In this research, the damage of concrete is investigated when subjected to compressive loading. Based on the previous research achievement, it is hypothesized that the fracture of “concrete fiber” originates at the mesoscale. On the one hand, nanoindentation tests are conducted on each constituent of concrete: hardened cement paste (HCP), interfacial transition zone (ITZ) and aggregate. By application of the confined force chain buckling model proposed in this paper, reconstruction technique [21] and random field theory, the SPI of fracture behavior could be obtained for concrete fiber at the mesoscale. On the other hand, the SPI of meso-parameters of concrete could also be recognized from macro-testing employing the stochastic damage model. Thus, this hypothesis could be proven, as long as the SPI of the meso-fiber from the nanoindentation coincides with that recognized from the macro-testing.

2. Materials and Methods

2.1. Materials and Preparation

The material prepared here was ordinary concrete with water: cement: sand: with an aggregate ratio of 0.4:1:2:5. The bars were made measuring 0.1 m × 0.1 m × 0.3 m, and hydrated with the humidity of 95% at the room temperature for three months, which were used for uniaxial compression testing at the macroscale. Then, the prisms were sliced into small specimens with approximate dimensions of 0.02 m × 0.02 m × 0.005 m, which were prepared for nanoindentation. After embedding into the epoxy resin, grinding and polishing with silicon carbide papers, and ultrasonically cleaning, the samples for nanoindentation (Figure 1) were prepared. Details of sample preparation for nanoindentation have been described in the previous study [21].

2.2. Nanoindentation

The equipment conducting nanoindentation in the present paper is the NanoTest Vantage system (Figure 2, from Micro Materials Limited in Wrexham, UK) to offer nanomechanical and nanotribological tests, with electromagnetic load application, with a maximum load of 500 mN, load resolution of 3 nN and displacement resolution of 0.002 nN. A series of nanoindentation tests were conducted with a Berkovich tip, with a maximum depth of 300 nm, loading and unloading rate of 0.2 mN/s and holding time of 15 s. According to the approach of Oliver and Pharr [24], indentation hardness H and indentation modular M were obtained from loading-unloading curves. Furthermore, Young’s modulus linking to the elastic constants of specimen and indenter [25], could be expressed as

$$\frac{1}{M}\stackrel{}{=}\frac{1-{\nu }^2}{E}+\frac{1-{\nu }_i{}^2}{E_i}$$

(1)

where $E_i$ and ${\nu }_i$ are Young’s modulus and Poisson’s ratio of the indenter employed with a given value of 1140 GPa and 0.07; $E$ and $\nu$ are that of the tested materials, and the Poisson’s ratio is 0.2.

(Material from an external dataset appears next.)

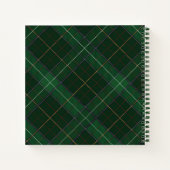 プライド素朴ズ結婚グリーンタータンチェックゲストブック ノートブック (裏面)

Nanoindentation on each constituent of concrete was conducted in the present paper, and the dimensions of the indent lattice for HCP, ITZ and aggregate were all 25 × 20.

2.3. Macro-Testing

A total of seven prism specimens subjected to uniaxial compressive loading were investigated by an electro-hydraulic servo-controlled concrete testing system from MTS Systems Corporation in Eden Prairie, MN, USA (Figure 3). The hinge on the top and the scale marks on the bottom are used to guarantee the axial compression and the accurate centration of the tested samples. The stiffness of 1.1 × 10¹⁰ N/m is enough to provide the closed-loop controlled compression and the data collection accuracy. A pair of extensometers were installed on opposite sides of the specimen shown in Figure 3, which collected the axial displacement data. And the strain rate was 10⁻⁵ which guaranteed a static loading.

3. Theoretical, Experimental and Numerical Approach

3.1. Shear Fracture Strain (SFS) from Nanoindentation

3.1.1. Force Chain Based Modeling for Hardness

Due to the nanogranular nature of C–S–H [26], the aggregative particles of C–S–H could be assumed to yield the confined three-particle force chain buckling mechanism which was firstly proposed by Tordesillas and Muthuswamy [27]. The schematic is shown in Figure 4. Based on the force chain theory, a connection could be established from nanoscale to mesoscale.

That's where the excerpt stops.